NLP-Projects

All the project work done during coursework of Natural Language Processing during Masters at USC

Naive Bayes Classifier

A Naive Bayes classifier to identify hotel reviews as either truthful or deceptive, and either positive or negative with no external python libraries used.
Run nbclassify3.py and give input data as command line argument. It will create nbmodel file with words as features and corresponding numbers giving probabilities.
Run nbclassify giving nbmodel and test data as input.
Got 90% accuracy on the data given.

A Perceptron classifier(both vanilla model and average model) to identify hotel reviews as either truthful or deceptive, and either positive or negative with no external python libraries used.
Run perceplearn3.py and give input data as command line argument. It will create vanilla model file and average model file with words as features.
Run percepclassify3.py giving vanilla/average model file path as first argument and test data path as second argument.
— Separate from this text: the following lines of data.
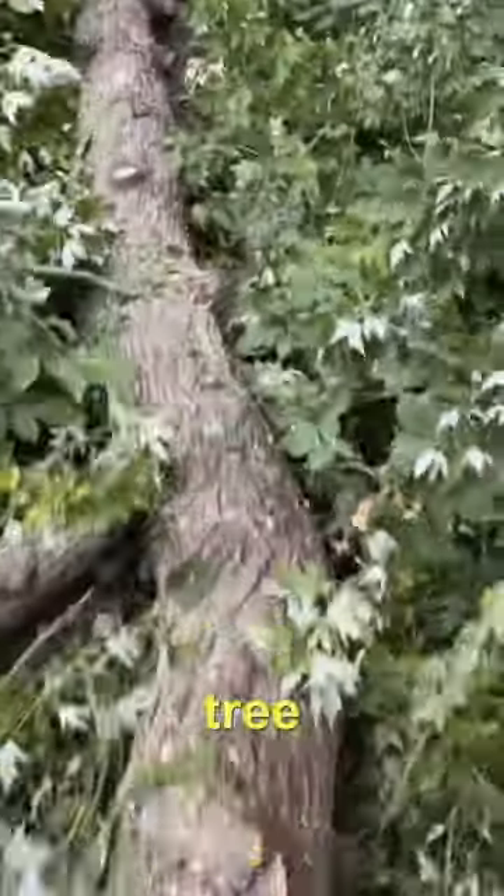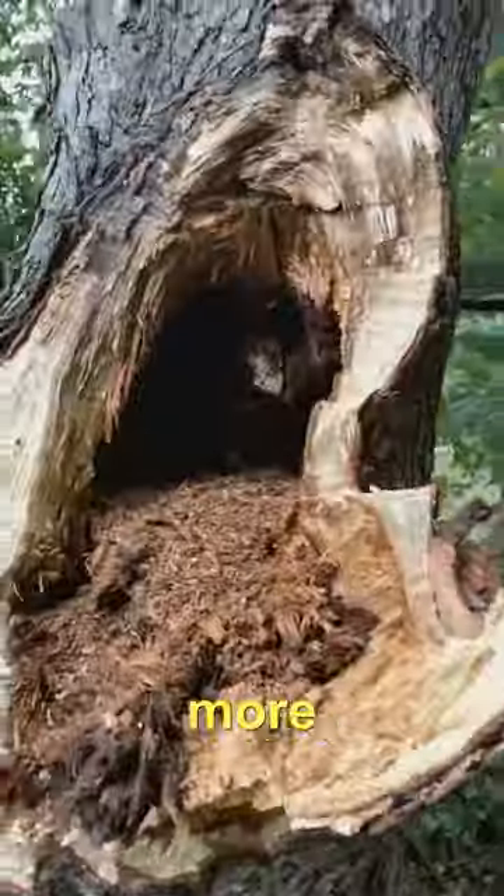It looks like we're cleaning up more tree stuff tomorrow and we'll have more saw logs. That's it — Glen here, Workshop at the Gardens, out in the woods by the big silver maples. Cheers.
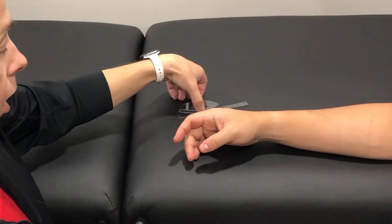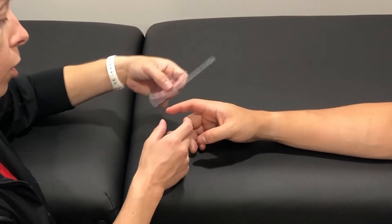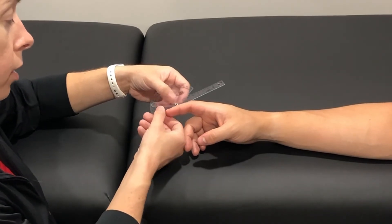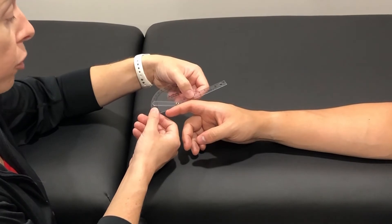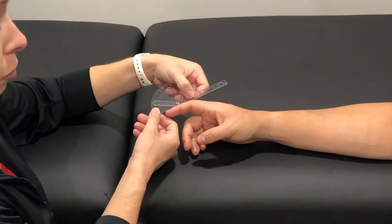Measuring active range of motion. I'll line my goniometer up with the fulcrum over the dorsal DIP joint. The stationary arm will be over the midline of the middle phalanx and the moving arm will be over the midline of the distal phalanx.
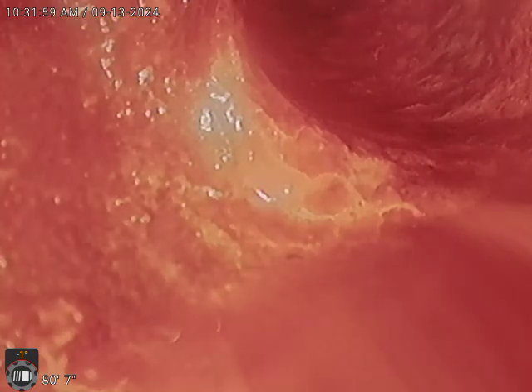We're at 205 Ridgewood Road, Media, PA 19063, doing a camera inspection. We are approximately 80.7 feet into the sewer line in the house. We're going to zero it out and pull it back — we're at the base of the stack. We just confirmed it with our locator and we're going to start pulling back.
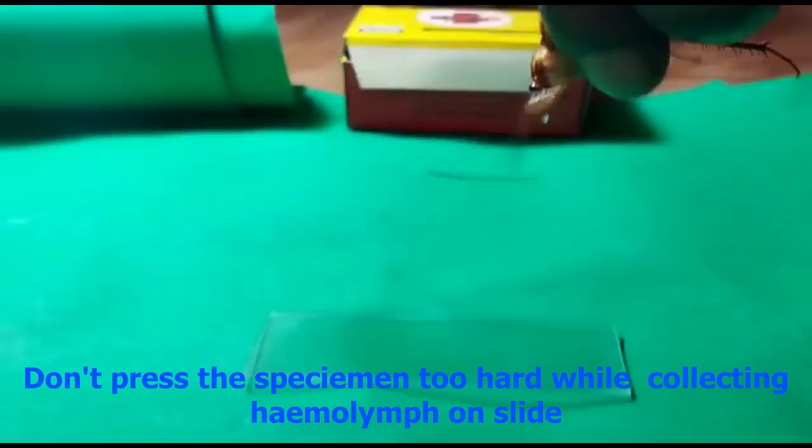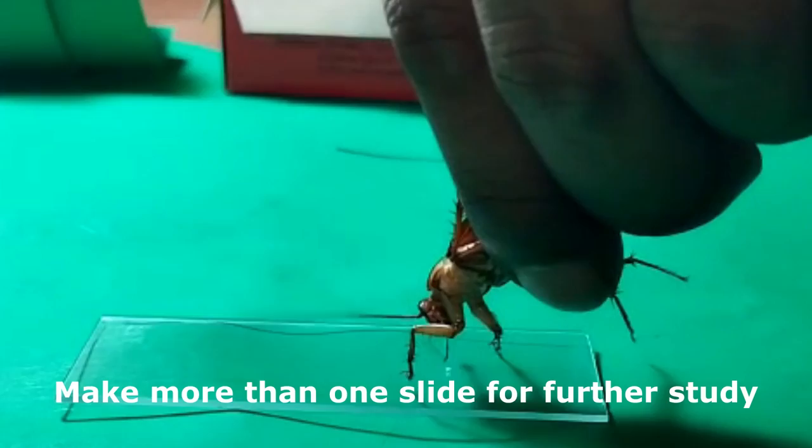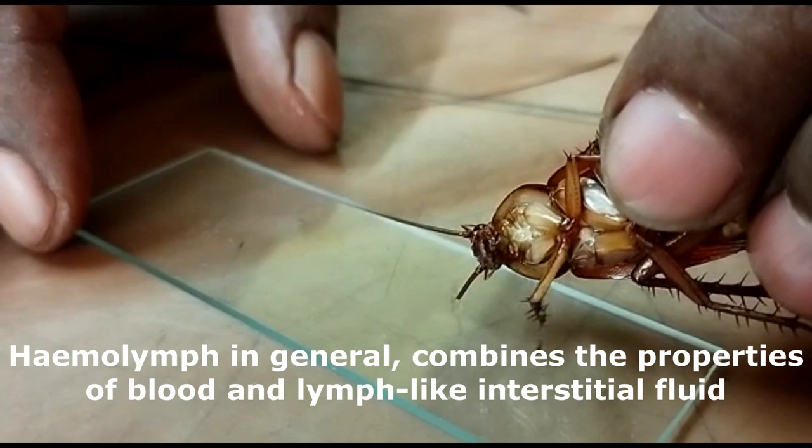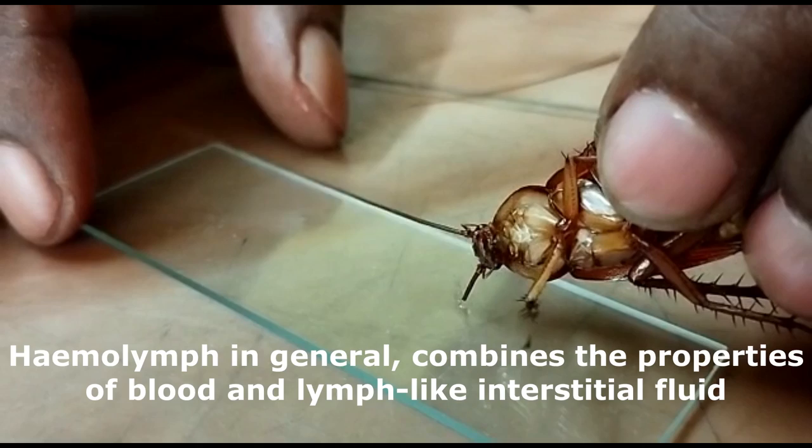Just wait, and make more than one slide for further study. Hemolymph in general combines the properties of blood and lymph-like interstitial fluid. Look at the droplets coming out from the cut end of the antenna. Some may also utilize the femur or leg portion as a source of hemolymph.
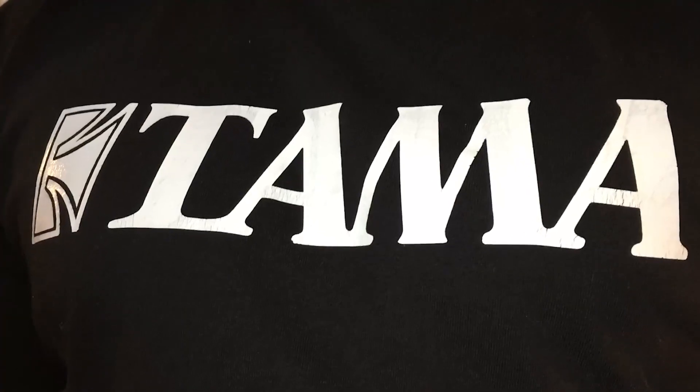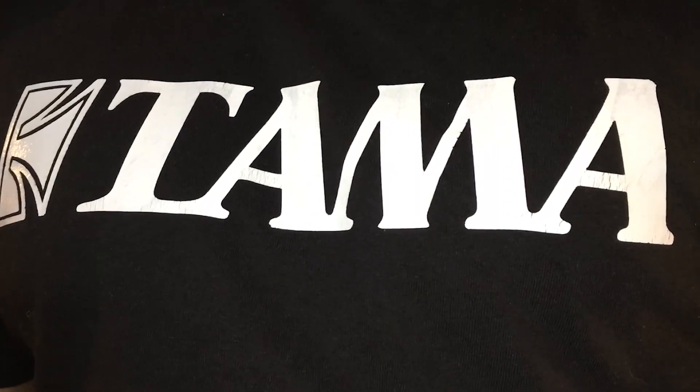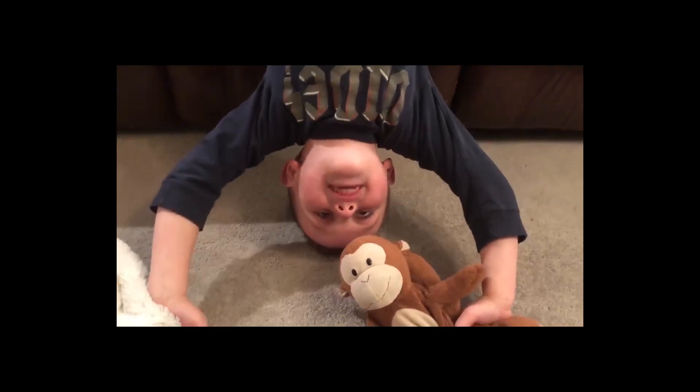I did a little bit of research and found out that there's this wood called Bubinga. What the hell's Bubinga? It's a silly word but it's fun to say. This drum video brought to you by Tama Star Classic Bubinga Drums. Bubinga.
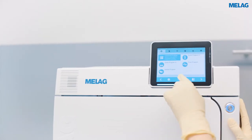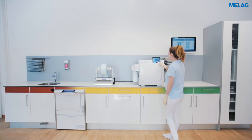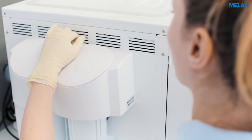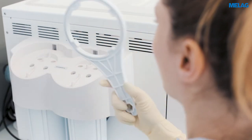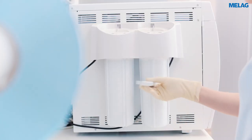Then start the universal program and abort it after about 20 seconds. You can now open the cartridge container using the wrench in the housing cap of the Meladem 40. Please slide the wrench over the cartridge container and turn it clockwise.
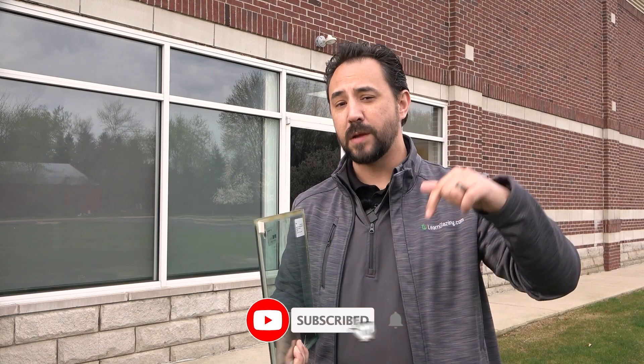So to learn more about Vacuum Max, make sure you check out that link in the description. And if you want to learn more about glass, make sure you hit the like and subscribe button. Thanks again for watching. I'll see you in the next one.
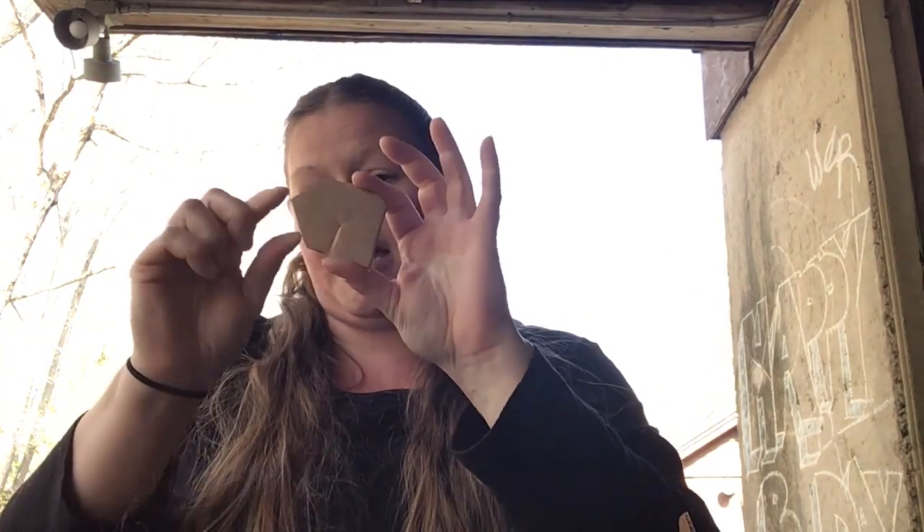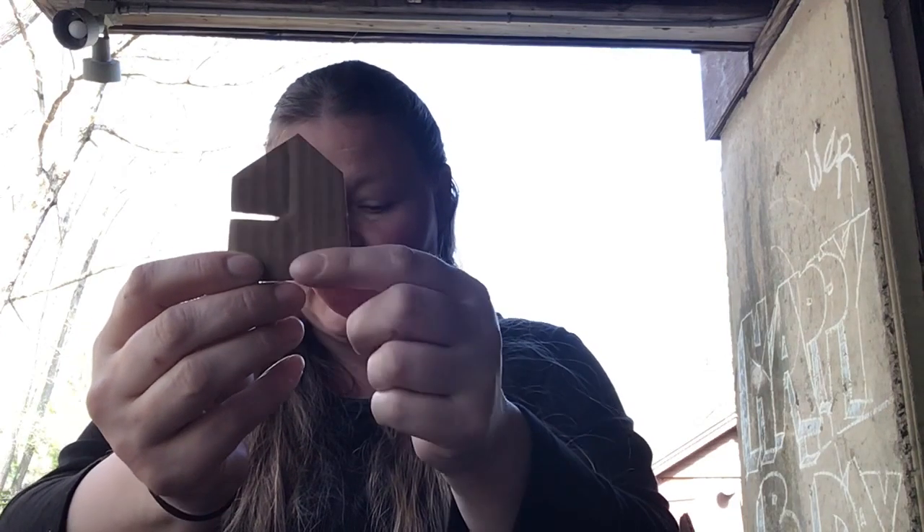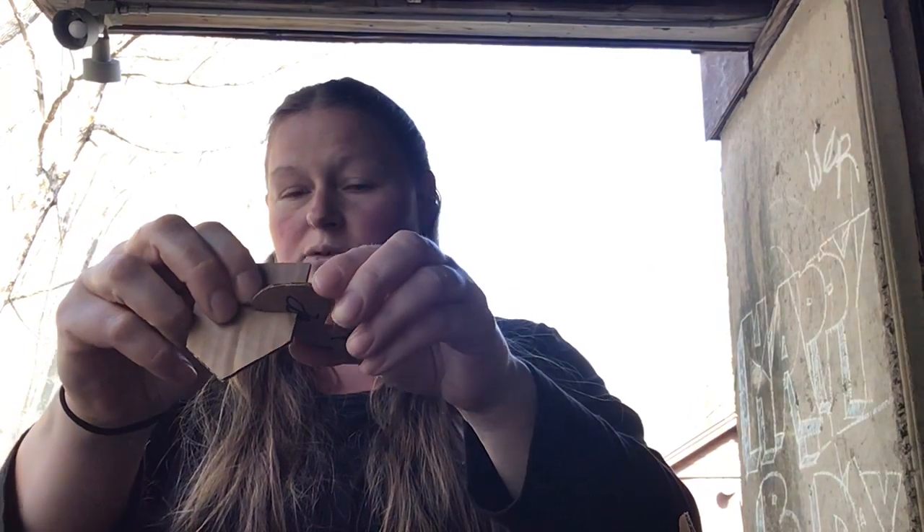Cut shapes out of the cardboard and then cut a little tiny slit in it. The slit is so the cardboard can slide onto another shape.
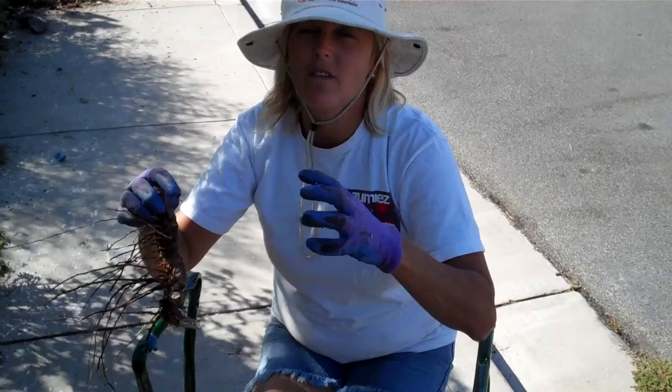Hi, this is Julia Waldorf, JuliaWaldorf.com, and I'm working for Parvin Gardens today. We dug up these irises that were clumped all together, and we're going to clean them up and make them reproduce more irises, because if they're all clumped together too tight and for too long, they won't grow right.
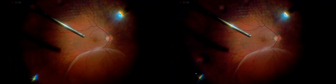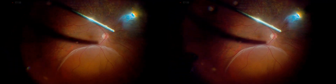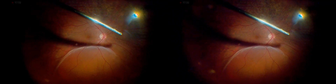A 23-gauge pars plana vitrectomy was performed carefully — a complete one from core to periphery — while avoiding contact with the lens equator. Precise, synchronized movements were employed by tilting the eye and instruments simultaneously.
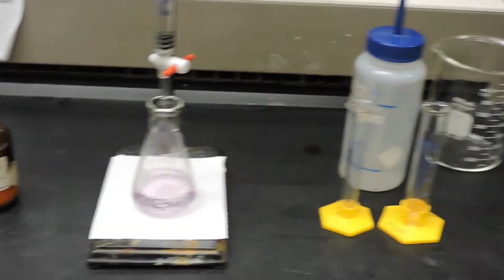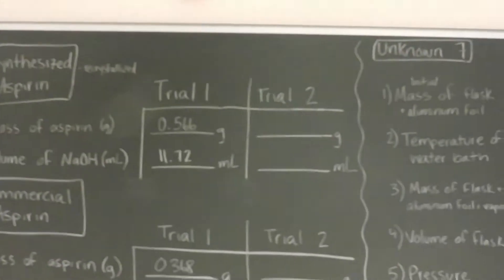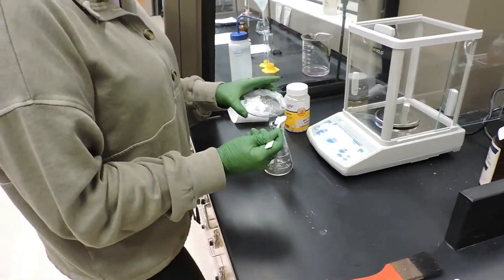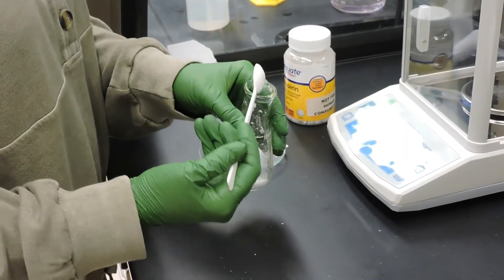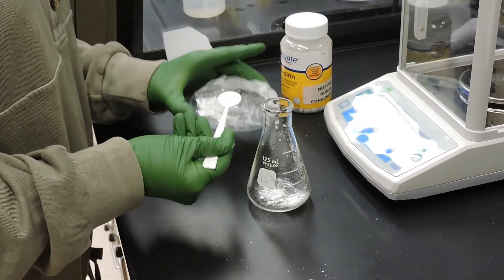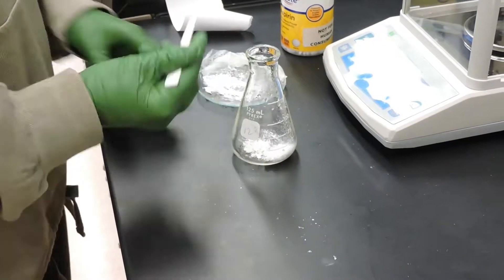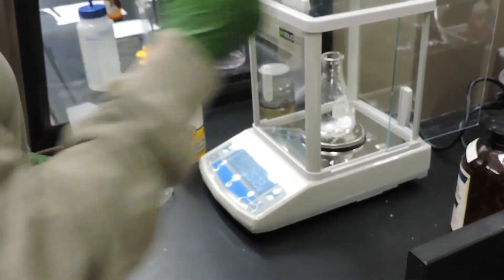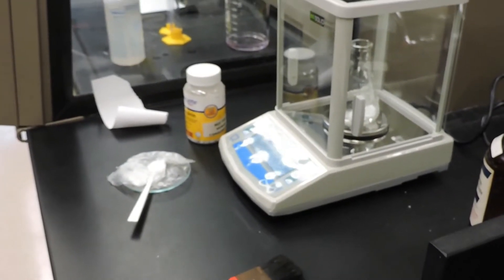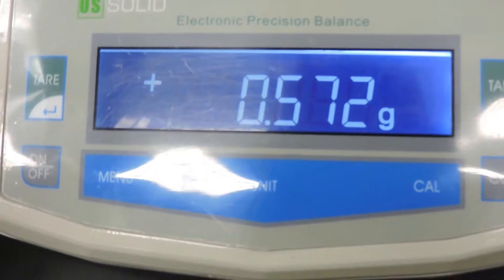We will repeat this titration for another trial. The mass of aspirin for the second titration will be 0.572 grams.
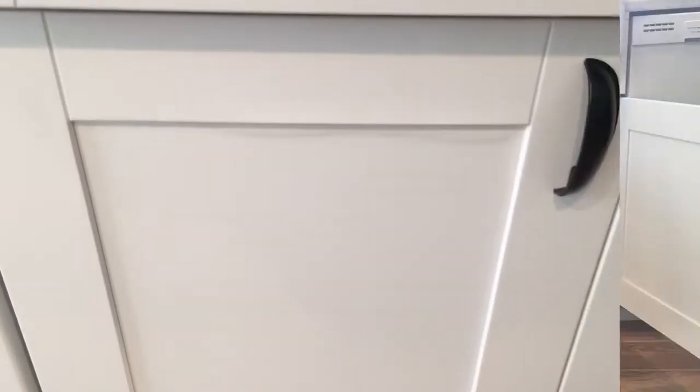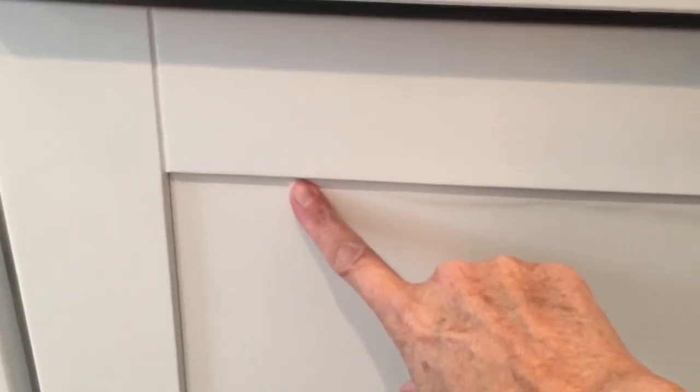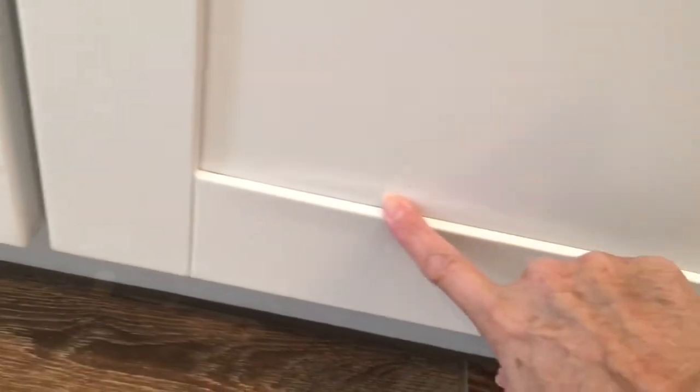Really the only damage — thank goodness — is this door front, because a majority of the water was coming down here. It damaged this whole panel on this door. My husband is a contractor and he told me he may have another one in his supplies, so I'm keeping my fingers crossed that it's the right size.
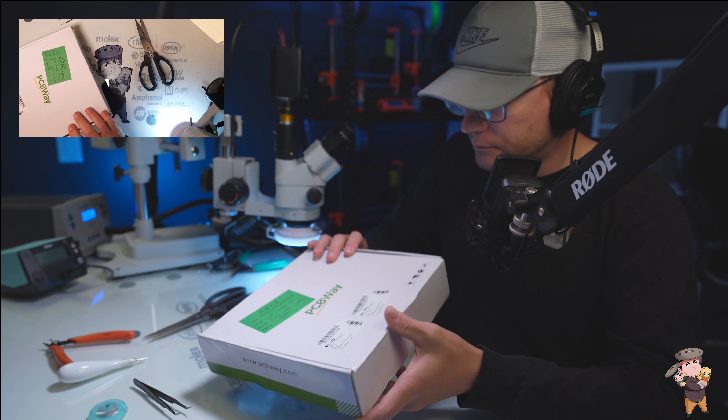This is ENIG, which is gold over nickel over copper. That's why what you see is not actually copper — it's gold. It will never tarnish or corrode. We can look under the microscope.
A Hidden Markov Model part-of-speech tagger for Italian, Japanese, and a surprise language. The training data are provided tokenized and tagged.
Run hmmlearn3.py with giving input data as command line argument. It will create hmmmodel.txt with values of transition as well as emission states
Run hmmdecode3.py which takes path of model file as input and using viterbi decoding gets the most suitable tagger and produces the output.txt which contains tagged test data.
It has given the accuracy of 93% for japaneese, 91% for italian and 92% for surprise language.